Nice man...sounds like a great time by yourself! Hard to hold the camera and fight the fish I'm sure! Thanks for the report and pics! Congrats!


----------



## true-king (Oct 2, 2007)

> *Coflafisherman (7/25/2008)* And to think, I was about to grab my 11 weight fly rod before I put my dusters back in the water.
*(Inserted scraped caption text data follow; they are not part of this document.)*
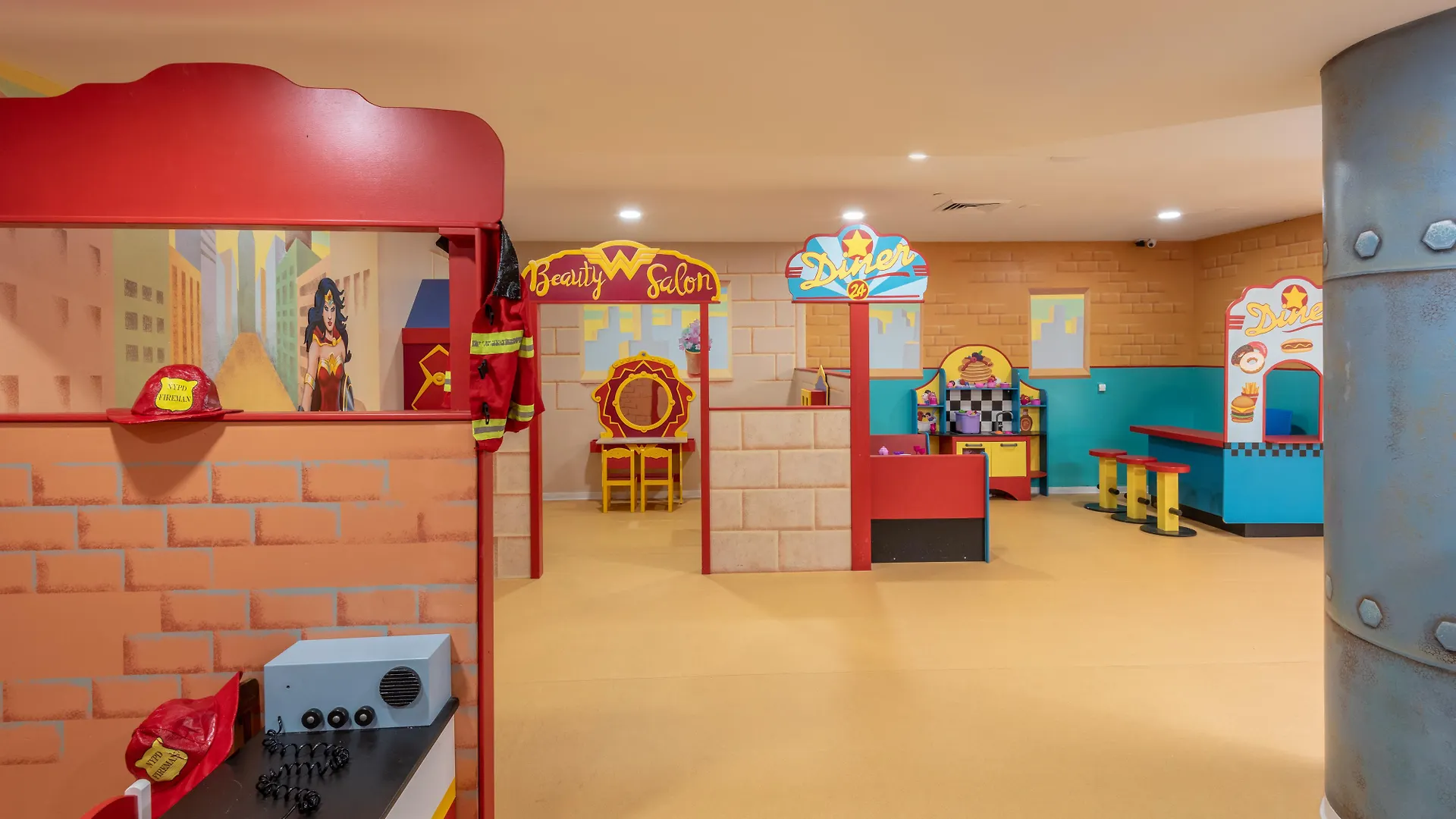 Hotel U Magic Palace Eilat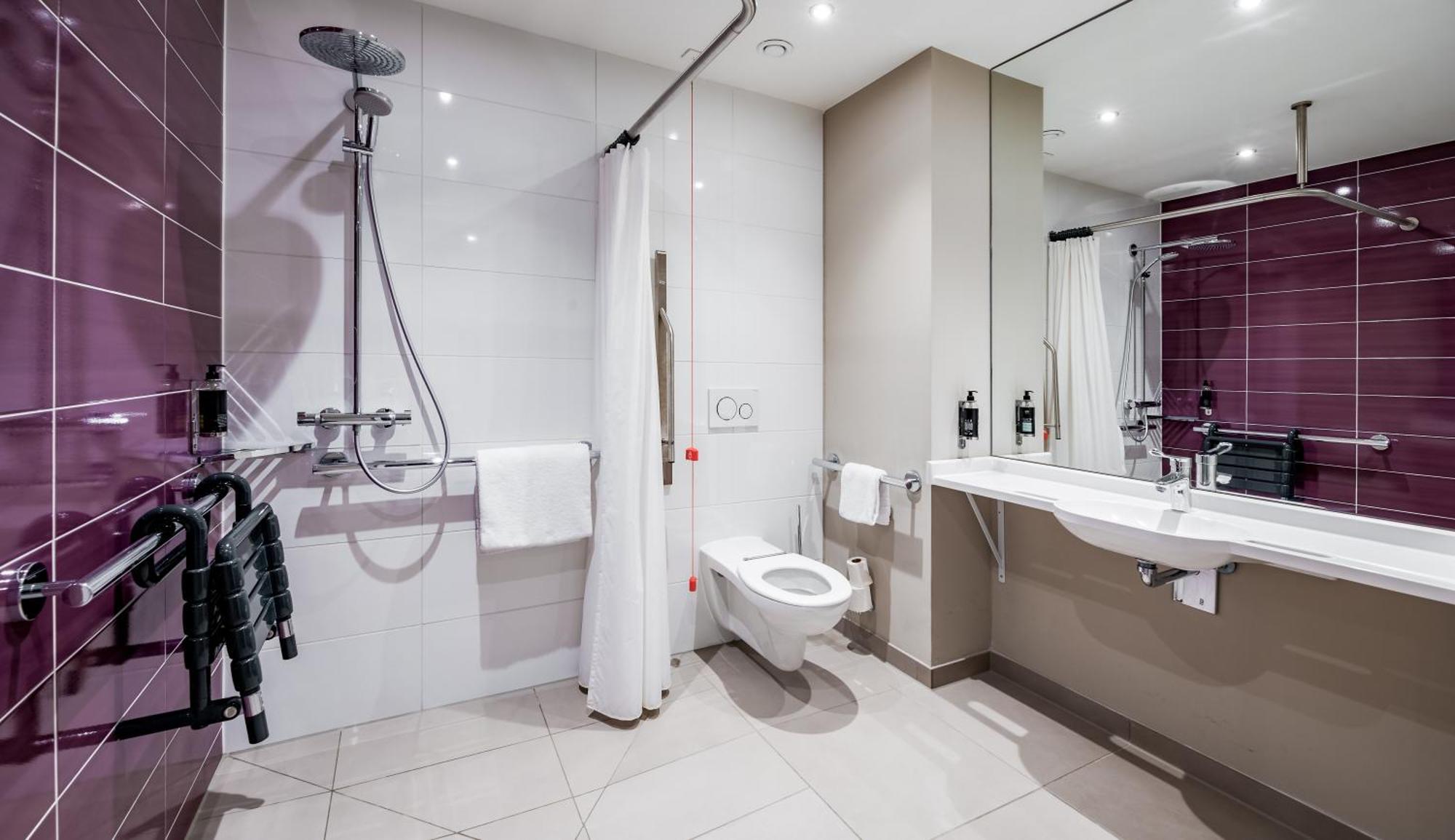 Premier Inn Muenchen City Zentrum Zewnętrze zdjęcie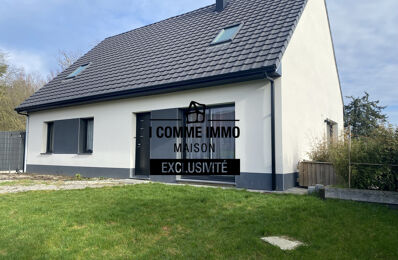 vente maison 269 000 € à proximité de Magnicourt-en-Comte (62127)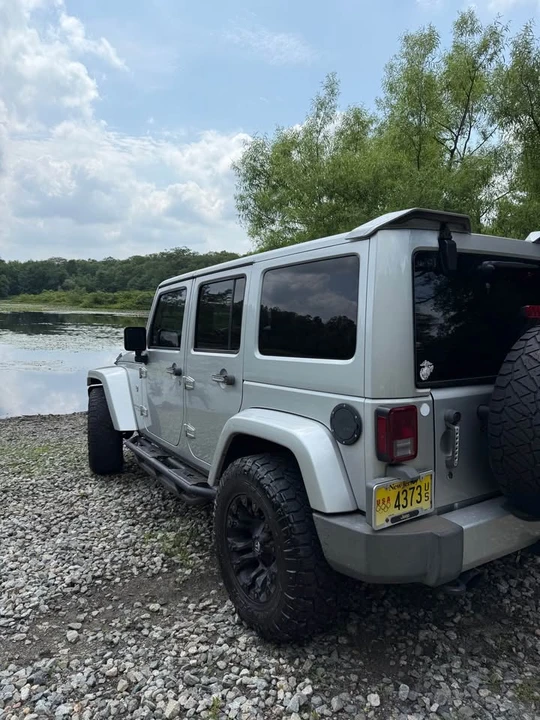 2011 Jeep JK Wrangler - Image 3 of 9
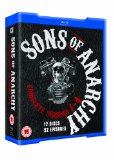  - Sons of Anarchy - Season 5 [UK Import]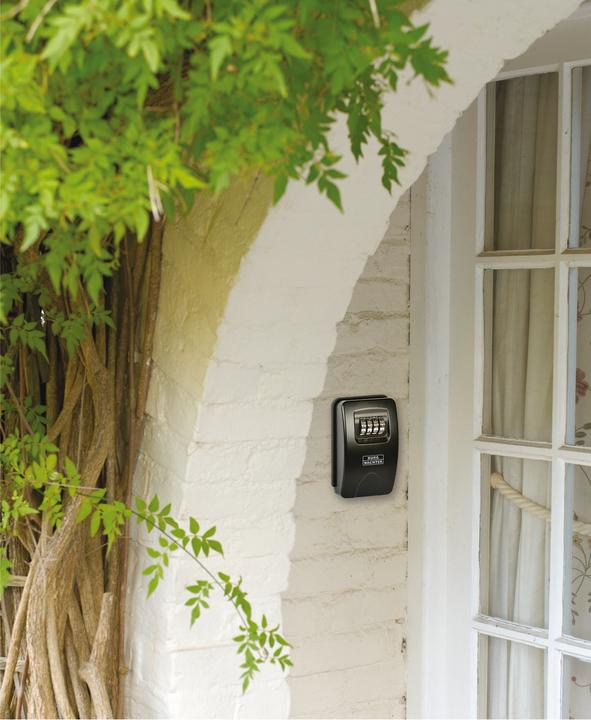 Image du produit Burg Wächter Coffre-fort à clés KEY SAFE 40 SB
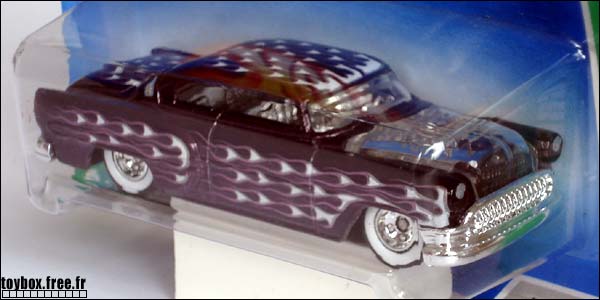 Hot Wheels Super T- Hunt$ '53 Chevy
Ahhhh, you're killing me!! I've been wanting to get one on fly for a while! I haven'trun into anyschooling jacks this year while I've had my fly rod. 

Anyway, nice job! :clap


----------



## Hog Tide (May 8, 2008)

You must have been busy, clearing lines, taking pictures, reeling in the fish, getting it in the boat. I must say my hats off to you. :bowdown:bowdown:bowdown

I got stuck at the ramp this weekend with a motor that just wouldn't start.:banghead:banghead:banghead

Great report though, glad to see someone made it out.


----------



## GULFFISHER1 (Sep 28, 2007)

good job on a great fight!


----------



## CoFlafisherman (Apr 2, 2008)

Thanks for all the Kudos and great replies I am so proud of that fish I made it my screen saver on my computer. My wife thinks I am nuts. Oh well. Hopefully I will hook her up to one of those and she will finally know the feeling. As far as taking pics and clearing rods, I only had one other rod. Once the spinning rod went off it crossed under the other line so I had to hold the rod with my left hand, pass itunder the rod to my right hand and then then hold on with both until he stopped running. Once that happened I reeled the other line in with my left hand. Once I got the line in the fish took off to my left and I had to go over the other rod still in the rod holder so good thing I did get the other line in. As it took me around the boat I would pass my bag that I always attach to the seat of the center consol and on one of my passes I got the zipper opened, took out the camera and set it on the seat. The next time I had a pause in the fight I reached for it and snapped one of my rod tip bent over. I knew that it was big and there was a chance it would break off so I had to attempt the picture once it surfaced. The hard part was getting to the Boga Grip in the consol. I must have knocked everything in there on the floor of the boat trying to find it and once I did I set it in a rod holder at the ready.I had a net but no way would it have done any good. I have gained experience in doing all of this while fishing for the Bull Reds in the winter while visiting my parents. My dad doesn't always like to come with me so I have no choice but to go alone and since Ijust moved here in May from Colorado I don't know anyone to go out there with me. Trust me I would much rather have a shot of me with the fish. If you catch a fish that big you gotta get the pic, or else it's just a tale to those you tell and most never believe you. I've even gone as far as zip tying a tripod with my camera on it to the center consol tubing and hitting the timer on the camera to take the pic. So thanks again for all the great replies and if anyone wants to go sometime let me know, I am always up for some company.


----------



## Heller High Water Mate (Apr 14, 2008)

Well good job...I think that's an awesome idea of zip tying a tripod and cam onto the boat  NICE!!! And I'm sure the wifey will come around as soon as she snags something big  Continued good luck...


----------